Daniel Quinn

Assistant Professor

Contact
MEC 310
351 McCormick Road
PO Box 400743
Charlottesville, VA 22904-1000

Phone: (434) 924-9576
FAX: (434) 924-8818
Email: danquinn@virginia.edu




Research
Professor Quinn’s research group studies how fluid dynamics can improve cyber-physical systems like autonomous vehicles and energy harvesters. In the realm of autonomous vehicles, Quinn’s group explores how advanced aerial and underwater robots can make use of predictive fluid models. These models are especially important in conditions where traditional data-driven controllers are unstable, such as when traveling in swarms, near solid boundaries, in crossflows, or in heavy turbulence.
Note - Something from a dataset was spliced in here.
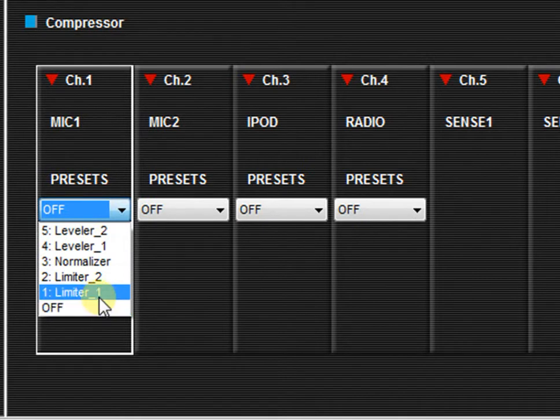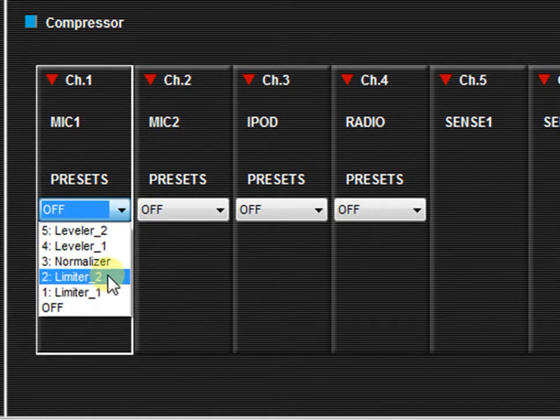Limiter number one is designed for speech applications and will protect the amp and speakers from excessive signal input. Limiter number two is designed for musical applications and will protect the amp and speakers from excessive signal input.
Special attention is paid to bio-inspired robotics, so experiments are designed to not only improve vehicle control, but also to provide insights into biolocomotion. The second branch of Quinn’s group studies how fluid models can enable next-generation flow sensors and energy harvesters. Specifically, his group explores how future sensors/harvesters can improve efficiency by combining fluid dynamics, network dynamics, and machine learning. As with autonomous vehicles, experiments are designed to share insights with biologists, in this case by drawing analogies with sensors and energy recapture strategies found in nature.